La iniciativa fue de Jesús Ybarra Gómez-Rull (1897-1979), miembro de la rama sevillana de los Ybarra, y de conejillos de indias hicieron su primo el bilbaíno Pedro Zubiría Ybarra y un cocinero francés que trabajaba para él, Auguste Preney. La primera cata no fue maravillosa, pero sí tan prometedora como para que Ybarra contratara a un ictiólogo ruso y montara una factoría en Coria del Río (Sevilla). En ella se produjo caviar hasta el año 1970.
Curiosamente el caviar que más cola trajo en Euskadi no fue de Ybarra, sino traído fresco desde Moscú. Lo sirvieron en la cena de gala que el 2 de mayo de 1933 le ofreció la Diputación Foral de Bizkaia al presidente de la República Niceto Alcalá-Zamora, de visita por tierras vascas. También hubo salmón del Bidasoa, pulardas y foie-gras, pero fue la presencia del carísimo caviar en el menú lo que desató la polémica. ¿Cómo podía un republicano progresista aceptar tal dispendio?
El periódico El Liberal de Bilbao, por entonces propiedad del socialista Indalecio Prieto (quien también había asistido a la cena), salió al paso de las críticas aduciendo que si Alfonso XIII había comido caviar siendo jefe del Estado, también debía poder hacerlo Alcalá-Zamora.
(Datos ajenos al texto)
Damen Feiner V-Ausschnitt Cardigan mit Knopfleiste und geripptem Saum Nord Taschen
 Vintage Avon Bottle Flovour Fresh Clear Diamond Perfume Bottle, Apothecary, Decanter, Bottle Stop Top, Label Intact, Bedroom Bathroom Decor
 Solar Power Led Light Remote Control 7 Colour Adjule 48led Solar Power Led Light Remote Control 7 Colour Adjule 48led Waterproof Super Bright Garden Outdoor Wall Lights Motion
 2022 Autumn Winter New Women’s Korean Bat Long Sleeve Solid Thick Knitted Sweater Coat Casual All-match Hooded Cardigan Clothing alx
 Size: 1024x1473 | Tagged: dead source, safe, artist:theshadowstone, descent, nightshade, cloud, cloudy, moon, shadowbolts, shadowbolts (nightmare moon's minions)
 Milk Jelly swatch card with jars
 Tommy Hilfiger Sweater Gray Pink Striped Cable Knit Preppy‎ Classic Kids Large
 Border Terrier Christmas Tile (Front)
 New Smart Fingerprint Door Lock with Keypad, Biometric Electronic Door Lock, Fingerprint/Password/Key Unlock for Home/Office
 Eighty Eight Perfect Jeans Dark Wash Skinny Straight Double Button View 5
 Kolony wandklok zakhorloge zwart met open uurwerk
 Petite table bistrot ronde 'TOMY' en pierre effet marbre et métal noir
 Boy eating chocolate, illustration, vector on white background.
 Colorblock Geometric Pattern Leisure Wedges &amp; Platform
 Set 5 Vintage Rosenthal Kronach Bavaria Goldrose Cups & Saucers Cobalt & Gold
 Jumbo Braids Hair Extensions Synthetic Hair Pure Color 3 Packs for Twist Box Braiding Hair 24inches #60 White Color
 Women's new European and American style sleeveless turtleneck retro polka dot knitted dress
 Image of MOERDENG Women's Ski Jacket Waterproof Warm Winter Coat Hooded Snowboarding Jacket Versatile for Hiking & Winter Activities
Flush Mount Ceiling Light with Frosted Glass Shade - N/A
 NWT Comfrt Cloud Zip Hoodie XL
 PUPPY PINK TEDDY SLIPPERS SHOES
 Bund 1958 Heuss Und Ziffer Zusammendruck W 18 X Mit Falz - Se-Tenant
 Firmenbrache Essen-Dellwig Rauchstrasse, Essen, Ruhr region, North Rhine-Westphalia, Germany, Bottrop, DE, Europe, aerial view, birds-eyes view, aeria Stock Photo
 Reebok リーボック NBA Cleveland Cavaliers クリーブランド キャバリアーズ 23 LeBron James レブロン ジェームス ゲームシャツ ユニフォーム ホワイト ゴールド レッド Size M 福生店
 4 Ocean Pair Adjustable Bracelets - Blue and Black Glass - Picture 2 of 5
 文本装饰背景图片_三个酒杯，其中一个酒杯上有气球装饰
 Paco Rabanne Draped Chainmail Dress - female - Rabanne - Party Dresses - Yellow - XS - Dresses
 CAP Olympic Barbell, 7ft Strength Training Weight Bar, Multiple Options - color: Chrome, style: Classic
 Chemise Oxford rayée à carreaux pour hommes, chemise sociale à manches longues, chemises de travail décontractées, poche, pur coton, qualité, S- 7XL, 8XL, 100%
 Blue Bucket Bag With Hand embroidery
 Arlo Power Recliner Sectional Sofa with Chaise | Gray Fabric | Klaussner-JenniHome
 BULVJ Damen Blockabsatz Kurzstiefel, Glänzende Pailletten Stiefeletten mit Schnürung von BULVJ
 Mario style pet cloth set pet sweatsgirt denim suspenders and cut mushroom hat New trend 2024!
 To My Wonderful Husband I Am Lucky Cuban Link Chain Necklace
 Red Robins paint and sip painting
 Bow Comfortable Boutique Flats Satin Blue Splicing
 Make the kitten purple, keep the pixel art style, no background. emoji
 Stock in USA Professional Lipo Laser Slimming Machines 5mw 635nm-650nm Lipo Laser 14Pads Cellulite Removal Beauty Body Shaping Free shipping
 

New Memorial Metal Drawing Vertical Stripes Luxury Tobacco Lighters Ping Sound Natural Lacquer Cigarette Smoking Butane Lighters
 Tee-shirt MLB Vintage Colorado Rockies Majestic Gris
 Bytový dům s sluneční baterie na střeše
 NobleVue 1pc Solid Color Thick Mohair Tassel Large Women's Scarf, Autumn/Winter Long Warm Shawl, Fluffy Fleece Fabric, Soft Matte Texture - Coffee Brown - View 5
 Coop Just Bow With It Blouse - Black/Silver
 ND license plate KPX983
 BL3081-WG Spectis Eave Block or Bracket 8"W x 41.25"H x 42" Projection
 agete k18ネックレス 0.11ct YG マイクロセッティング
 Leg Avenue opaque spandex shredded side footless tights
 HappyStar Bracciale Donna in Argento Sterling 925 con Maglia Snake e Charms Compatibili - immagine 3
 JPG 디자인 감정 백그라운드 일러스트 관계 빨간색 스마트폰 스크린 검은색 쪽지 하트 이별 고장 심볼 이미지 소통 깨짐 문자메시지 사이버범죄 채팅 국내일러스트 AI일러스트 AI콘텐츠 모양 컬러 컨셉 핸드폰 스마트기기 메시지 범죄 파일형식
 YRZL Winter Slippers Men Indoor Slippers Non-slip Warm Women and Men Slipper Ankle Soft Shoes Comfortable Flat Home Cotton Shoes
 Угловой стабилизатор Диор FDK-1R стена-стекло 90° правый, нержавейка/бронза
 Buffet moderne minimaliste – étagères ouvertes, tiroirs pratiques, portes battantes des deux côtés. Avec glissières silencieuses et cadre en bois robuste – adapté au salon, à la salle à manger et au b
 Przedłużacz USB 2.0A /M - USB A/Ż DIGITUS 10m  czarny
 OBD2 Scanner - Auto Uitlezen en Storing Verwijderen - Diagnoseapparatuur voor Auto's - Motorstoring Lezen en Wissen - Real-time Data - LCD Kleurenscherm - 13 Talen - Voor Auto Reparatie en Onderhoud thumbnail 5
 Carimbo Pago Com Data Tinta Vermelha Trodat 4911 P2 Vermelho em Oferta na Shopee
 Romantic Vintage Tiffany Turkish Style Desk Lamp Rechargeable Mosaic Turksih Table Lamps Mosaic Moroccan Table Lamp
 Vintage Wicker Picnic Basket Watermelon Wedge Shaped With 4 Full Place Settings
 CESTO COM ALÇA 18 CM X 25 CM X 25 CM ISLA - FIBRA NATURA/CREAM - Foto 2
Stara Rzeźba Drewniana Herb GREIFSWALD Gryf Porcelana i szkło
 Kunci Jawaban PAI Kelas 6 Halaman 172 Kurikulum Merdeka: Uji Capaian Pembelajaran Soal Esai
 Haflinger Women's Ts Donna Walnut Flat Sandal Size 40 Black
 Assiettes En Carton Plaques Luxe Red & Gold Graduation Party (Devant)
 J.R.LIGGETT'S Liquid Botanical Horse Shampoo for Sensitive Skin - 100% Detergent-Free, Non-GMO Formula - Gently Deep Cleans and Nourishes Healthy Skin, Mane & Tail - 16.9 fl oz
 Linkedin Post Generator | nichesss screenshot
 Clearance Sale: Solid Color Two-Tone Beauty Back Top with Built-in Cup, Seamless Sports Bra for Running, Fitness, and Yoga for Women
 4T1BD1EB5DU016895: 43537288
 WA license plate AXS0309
Al final admitían que sí, que era «delicioso, pero no sé si compensa el remordimiento de haber comido un manjar esencia de burguesía, algo así como huevas de capitalista. Después de haber hecho esta concesión al lujo, cómo va hablar uno de reivindicaciones sociales?». Seguro que el que venía de Dubái con once latas no tenía esos escrúpulos.